▶ Assigned task: Each line that includes the word "Tube" should be copied from the records.

*** Opening of Data supplied ***

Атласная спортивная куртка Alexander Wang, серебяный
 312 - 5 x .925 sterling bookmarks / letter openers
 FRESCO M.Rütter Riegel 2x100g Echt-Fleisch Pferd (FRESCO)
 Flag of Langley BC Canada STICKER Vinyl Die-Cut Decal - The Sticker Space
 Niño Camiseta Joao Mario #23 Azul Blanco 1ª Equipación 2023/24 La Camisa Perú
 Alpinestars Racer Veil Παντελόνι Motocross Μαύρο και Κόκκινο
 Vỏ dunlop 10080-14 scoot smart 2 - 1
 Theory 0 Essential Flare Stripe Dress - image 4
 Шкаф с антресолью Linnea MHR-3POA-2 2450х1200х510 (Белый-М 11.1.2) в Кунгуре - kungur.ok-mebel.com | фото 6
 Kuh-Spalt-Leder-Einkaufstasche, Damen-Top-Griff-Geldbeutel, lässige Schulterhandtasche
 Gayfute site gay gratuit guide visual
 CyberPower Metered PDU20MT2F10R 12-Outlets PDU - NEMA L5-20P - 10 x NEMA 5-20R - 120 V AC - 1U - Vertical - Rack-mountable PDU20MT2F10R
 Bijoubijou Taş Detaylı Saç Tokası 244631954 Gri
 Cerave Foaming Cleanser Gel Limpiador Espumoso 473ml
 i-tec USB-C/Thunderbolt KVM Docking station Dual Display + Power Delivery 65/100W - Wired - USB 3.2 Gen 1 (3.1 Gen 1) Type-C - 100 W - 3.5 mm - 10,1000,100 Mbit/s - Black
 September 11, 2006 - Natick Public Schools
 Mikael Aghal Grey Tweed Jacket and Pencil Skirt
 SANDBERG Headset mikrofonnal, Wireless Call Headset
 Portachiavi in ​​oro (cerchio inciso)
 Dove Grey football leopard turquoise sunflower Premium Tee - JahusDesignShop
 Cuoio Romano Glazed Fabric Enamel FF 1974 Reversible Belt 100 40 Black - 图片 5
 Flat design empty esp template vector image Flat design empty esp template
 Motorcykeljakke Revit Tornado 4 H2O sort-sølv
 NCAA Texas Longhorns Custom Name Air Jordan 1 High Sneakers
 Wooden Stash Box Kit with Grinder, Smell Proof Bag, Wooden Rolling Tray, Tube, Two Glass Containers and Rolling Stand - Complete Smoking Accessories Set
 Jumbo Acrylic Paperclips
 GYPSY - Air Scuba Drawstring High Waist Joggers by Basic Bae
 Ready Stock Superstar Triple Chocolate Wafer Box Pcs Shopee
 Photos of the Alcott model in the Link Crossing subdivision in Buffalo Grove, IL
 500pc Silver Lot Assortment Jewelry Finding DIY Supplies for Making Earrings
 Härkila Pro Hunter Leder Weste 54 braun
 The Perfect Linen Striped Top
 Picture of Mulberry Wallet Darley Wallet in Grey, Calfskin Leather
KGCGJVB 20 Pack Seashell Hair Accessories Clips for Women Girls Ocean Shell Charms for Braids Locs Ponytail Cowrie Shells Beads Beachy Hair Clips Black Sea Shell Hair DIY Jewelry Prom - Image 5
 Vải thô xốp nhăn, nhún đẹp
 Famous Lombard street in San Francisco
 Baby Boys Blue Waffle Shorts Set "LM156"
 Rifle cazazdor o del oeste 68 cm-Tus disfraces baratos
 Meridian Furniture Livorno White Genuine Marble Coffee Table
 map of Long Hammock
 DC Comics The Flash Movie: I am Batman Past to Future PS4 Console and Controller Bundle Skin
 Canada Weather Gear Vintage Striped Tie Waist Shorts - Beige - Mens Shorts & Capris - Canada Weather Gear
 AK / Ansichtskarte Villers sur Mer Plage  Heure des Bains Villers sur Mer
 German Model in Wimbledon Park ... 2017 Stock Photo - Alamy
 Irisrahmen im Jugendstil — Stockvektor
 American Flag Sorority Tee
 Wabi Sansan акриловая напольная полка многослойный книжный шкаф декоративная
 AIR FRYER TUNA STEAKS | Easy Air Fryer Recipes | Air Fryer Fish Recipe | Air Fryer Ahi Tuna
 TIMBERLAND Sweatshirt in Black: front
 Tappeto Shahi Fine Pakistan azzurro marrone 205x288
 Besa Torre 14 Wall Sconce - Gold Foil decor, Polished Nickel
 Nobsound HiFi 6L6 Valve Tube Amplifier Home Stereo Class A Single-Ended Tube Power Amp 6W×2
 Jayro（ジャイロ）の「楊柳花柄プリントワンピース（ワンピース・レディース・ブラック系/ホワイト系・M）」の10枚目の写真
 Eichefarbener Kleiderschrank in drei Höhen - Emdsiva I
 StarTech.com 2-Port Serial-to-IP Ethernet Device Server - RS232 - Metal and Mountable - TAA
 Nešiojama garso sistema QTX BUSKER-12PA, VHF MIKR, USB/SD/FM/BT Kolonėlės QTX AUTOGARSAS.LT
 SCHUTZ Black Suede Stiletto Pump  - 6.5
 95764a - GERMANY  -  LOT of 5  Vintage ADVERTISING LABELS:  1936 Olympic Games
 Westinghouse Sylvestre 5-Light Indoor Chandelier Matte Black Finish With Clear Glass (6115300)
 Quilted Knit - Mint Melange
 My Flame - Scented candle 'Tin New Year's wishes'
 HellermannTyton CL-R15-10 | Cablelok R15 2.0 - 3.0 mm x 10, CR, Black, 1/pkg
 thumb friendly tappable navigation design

*** Close of Data supplied ***

▶ Output below:
 Wooden Stash Box Kit with Grinder, Smell Proof Bag, Wooden Rolling Tray, Tube, Two Glass Containers and Rolling Stand - Complete Smoking Accessories Set
 Nobsound HiFi 6L6 Valve Tube Amplifier Home Stereo Class A Single-Ended Tube Power Amp 6W×2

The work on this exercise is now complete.